Traditional birth attendant struggles with abandoned newborns

Some of the abandoned children at Nafula’s house. [Duncan Ocholla, Standard]

Sometime in August 2003, a high school student was brought to the doorstep of Metrine Nafula's home.

The girl was seven months pregnant and her mother wanted Ms Nafula, a midwife, to help the teenager get rid of the unborn baby.

Ms Metrine Nafula playing with the children at her place ...Photo/Duncan Ocholla/Standard

But Nafula flatly refused.

"I told them children were a gift from God and there was no reason to kill the baby. I offered to stay with the girl until she gave birth," Nafula, 54, said.

Protus Mkamba Maumo, husband to the midwife. .Photo/Duncan Ocholla/Standard

After the teenager delivered a healthy baby boy, the mother returned, this time demanding that the baby be quietly made to disappear.

Again, Nafula refused and ended up with the baby in her arms.

“After giving birth, the girl's mother brought me a white goat as a gift for taking care of her daughter. She then told me that she did not want the baby and that we should kill it, but I refused," she said.

Nafula grabbed the child from the other woman and went inside the house to fetch a warmer garment for the newborn. When she came back, both the teenager and her mother were gone.

“I went to the bedroom to get a towel to shield the baby from the cold but on coming back, I found they had disappeared,” she said.

Metrine Nafula. She has had to nurse the abandoned children. [Duncan Ocholla, Standard]

Mother arrested

She reported the matter to the Children’s Department and the teenager's mother was arrested. But the baby's mother has never been found.

That is how the midwife suddenly became a mother.

 
Some of the abandoned children with Ms Metrine Nafula at Kanduyi DEB Primary School...Photo/Duncan Ocholla/Standard

The child was put in Nafula's custody as the case dragged on and in court before he was eventually put under her care officially.

Today, he is a 15-year-old lad and one of 18 children abandoned by their mothers after Nafula helped them deliver.

Each case is unique and Nafula is able to recollect the events surrounding their births as if it were yesterday.

In the teenager's case, for instance, Nafula would later find out why the girl's mother wanted the baby dead. The teenager had given birth to her brother's child, which, according to local culture, was an abomination.

Over the years, Nafula has learnt to be prepared to be a new mother every time she helps a woman to deliver. 

The midwife recalls another case in 2006, when two babies she had helped to deliver were abandoned in her home.

On that day, she received five women in labour and attended to them with her husband.

“Three of them delivered around 4pm and the other two started experiencing labour pains at 8pm. While we helped the two to give birth, two of the three young girls who had delivered earlier vanished, leaving their babies,” Nafula said.

The couple heard the babies crying from the room and when they went to check on the two baby boys, did not find their mothers.

In another case in 2008, a woman in her early 20s claiming to be a university student went to give birth. After delivery, Nafula gave the mother water to go and bathe but she never returned.

“After waiting for 20 minutes, I decided to go and check on her because the child was hungry and wanted to breastfeed. She was missing. I bought glucose and mixed it with hot water and gave it to the baby,” she said.

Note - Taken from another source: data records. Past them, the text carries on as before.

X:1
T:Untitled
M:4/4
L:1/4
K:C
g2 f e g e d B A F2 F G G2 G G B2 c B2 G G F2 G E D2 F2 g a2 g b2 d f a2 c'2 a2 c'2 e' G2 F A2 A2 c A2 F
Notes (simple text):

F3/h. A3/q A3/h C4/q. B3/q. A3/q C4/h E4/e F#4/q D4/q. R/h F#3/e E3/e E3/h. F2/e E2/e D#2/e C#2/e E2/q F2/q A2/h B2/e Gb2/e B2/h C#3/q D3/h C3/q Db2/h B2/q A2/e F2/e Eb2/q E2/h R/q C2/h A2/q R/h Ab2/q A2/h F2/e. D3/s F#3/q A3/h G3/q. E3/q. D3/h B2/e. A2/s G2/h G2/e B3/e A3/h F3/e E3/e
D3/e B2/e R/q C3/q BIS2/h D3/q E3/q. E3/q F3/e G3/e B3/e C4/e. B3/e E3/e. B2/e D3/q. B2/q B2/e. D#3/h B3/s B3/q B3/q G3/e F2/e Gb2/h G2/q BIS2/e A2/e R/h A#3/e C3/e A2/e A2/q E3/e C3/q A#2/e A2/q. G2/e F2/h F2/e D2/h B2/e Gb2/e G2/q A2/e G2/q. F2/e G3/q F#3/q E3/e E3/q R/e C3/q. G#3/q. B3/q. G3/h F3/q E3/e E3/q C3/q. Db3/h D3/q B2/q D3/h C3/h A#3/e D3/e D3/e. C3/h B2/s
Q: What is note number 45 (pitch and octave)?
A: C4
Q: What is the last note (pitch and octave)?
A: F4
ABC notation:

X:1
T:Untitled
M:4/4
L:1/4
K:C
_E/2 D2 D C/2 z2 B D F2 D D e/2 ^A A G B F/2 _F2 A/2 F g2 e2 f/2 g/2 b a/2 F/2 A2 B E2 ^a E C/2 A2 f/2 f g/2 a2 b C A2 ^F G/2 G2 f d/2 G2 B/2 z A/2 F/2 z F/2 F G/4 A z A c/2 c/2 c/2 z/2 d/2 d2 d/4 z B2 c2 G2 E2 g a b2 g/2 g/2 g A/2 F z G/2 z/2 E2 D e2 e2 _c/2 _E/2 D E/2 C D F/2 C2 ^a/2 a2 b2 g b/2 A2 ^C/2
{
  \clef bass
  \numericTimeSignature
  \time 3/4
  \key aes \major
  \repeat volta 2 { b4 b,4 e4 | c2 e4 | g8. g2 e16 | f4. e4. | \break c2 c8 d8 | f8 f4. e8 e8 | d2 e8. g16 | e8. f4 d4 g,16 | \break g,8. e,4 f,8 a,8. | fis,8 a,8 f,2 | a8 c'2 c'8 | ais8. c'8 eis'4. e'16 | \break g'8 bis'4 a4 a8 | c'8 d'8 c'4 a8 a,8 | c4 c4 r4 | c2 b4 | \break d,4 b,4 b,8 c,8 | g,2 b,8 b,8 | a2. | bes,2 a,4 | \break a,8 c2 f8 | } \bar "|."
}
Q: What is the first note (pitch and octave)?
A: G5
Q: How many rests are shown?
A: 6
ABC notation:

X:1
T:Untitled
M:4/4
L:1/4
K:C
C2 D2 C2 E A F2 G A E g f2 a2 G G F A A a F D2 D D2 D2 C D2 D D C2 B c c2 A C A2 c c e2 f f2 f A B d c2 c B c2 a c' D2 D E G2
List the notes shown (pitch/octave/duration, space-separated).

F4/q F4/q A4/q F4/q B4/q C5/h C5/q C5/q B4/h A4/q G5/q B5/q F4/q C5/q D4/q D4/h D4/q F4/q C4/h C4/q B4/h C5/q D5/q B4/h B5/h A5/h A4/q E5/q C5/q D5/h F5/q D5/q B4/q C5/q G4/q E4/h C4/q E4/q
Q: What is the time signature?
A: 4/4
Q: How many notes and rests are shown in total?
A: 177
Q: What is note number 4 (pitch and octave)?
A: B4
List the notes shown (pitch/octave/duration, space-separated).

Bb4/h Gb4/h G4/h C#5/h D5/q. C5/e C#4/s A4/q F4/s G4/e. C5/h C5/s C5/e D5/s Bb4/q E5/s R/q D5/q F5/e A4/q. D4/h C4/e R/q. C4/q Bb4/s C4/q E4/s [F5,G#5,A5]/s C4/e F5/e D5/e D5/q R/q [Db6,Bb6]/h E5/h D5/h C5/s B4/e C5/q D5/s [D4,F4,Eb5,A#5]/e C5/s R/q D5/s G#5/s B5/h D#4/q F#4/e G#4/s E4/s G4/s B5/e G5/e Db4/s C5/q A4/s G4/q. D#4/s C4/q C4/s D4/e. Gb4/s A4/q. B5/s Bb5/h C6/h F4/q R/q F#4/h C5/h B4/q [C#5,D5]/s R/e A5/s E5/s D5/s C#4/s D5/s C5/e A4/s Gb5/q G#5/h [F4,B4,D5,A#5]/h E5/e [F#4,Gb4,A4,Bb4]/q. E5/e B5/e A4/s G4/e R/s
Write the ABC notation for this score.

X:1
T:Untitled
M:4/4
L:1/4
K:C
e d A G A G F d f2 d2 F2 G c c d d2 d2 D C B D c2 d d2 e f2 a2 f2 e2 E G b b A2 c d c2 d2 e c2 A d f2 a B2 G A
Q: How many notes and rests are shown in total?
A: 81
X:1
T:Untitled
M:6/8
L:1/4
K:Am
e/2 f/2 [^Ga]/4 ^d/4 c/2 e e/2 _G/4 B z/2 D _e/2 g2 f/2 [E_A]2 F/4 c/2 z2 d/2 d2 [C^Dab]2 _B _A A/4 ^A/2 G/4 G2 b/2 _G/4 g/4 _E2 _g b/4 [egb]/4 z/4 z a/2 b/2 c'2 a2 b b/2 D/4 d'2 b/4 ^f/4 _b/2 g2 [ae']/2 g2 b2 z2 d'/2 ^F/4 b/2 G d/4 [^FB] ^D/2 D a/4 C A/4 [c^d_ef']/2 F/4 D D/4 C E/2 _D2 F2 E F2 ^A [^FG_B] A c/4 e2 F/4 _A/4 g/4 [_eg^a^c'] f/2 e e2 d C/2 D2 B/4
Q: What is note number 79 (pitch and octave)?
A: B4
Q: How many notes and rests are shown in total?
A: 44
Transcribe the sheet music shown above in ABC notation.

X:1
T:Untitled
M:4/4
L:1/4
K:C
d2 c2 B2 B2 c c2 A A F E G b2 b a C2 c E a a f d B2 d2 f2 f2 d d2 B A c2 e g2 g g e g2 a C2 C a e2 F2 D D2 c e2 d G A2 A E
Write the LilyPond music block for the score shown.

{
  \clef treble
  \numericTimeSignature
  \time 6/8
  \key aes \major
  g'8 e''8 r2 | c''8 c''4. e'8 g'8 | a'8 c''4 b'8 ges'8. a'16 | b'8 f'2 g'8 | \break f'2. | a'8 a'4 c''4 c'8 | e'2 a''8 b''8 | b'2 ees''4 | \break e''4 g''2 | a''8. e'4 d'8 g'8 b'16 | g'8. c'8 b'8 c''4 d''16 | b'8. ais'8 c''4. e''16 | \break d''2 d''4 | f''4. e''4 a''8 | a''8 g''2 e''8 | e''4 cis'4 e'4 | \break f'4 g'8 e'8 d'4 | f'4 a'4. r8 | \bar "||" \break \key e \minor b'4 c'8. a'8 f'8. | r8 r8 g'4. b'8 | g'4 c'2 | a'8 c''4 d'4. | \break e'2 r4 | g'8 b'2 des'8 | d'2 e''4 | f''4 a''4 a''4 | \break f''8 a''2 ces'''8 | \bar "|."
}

“I fed him with cow milk until he grew up. He is 10 years old now and going to school ," she says.

In 2011, a woman in her late 20s, who was impregnated by her brother, gave birth to a baby boy and abandoned him at Nafula's place three days after delivering.

In 2013, yet another woman from Elgeyo Marakwet was referred to her after delivering at Bungoma District Hospital. She left the child with Nafula on grounds that if she went home with him he would be killed as she had conceived with a man who was not her husband.

Protus Mkamba Maumo, the husband of the midwife. ..Photo/Duncan Ocholla/Standard

All the children are in primary school but some who have finished cannot join secondary school as there is no fees.

“We don’t have a place we can call home. The leaking house we live in is a rented one,” said Nafula.

Her husband, Protus Maumo, 65, a night watchman, said the abandoned children were a nightmare to raise.

“We use up to 10kg of maize flour to make supper for them,” he said.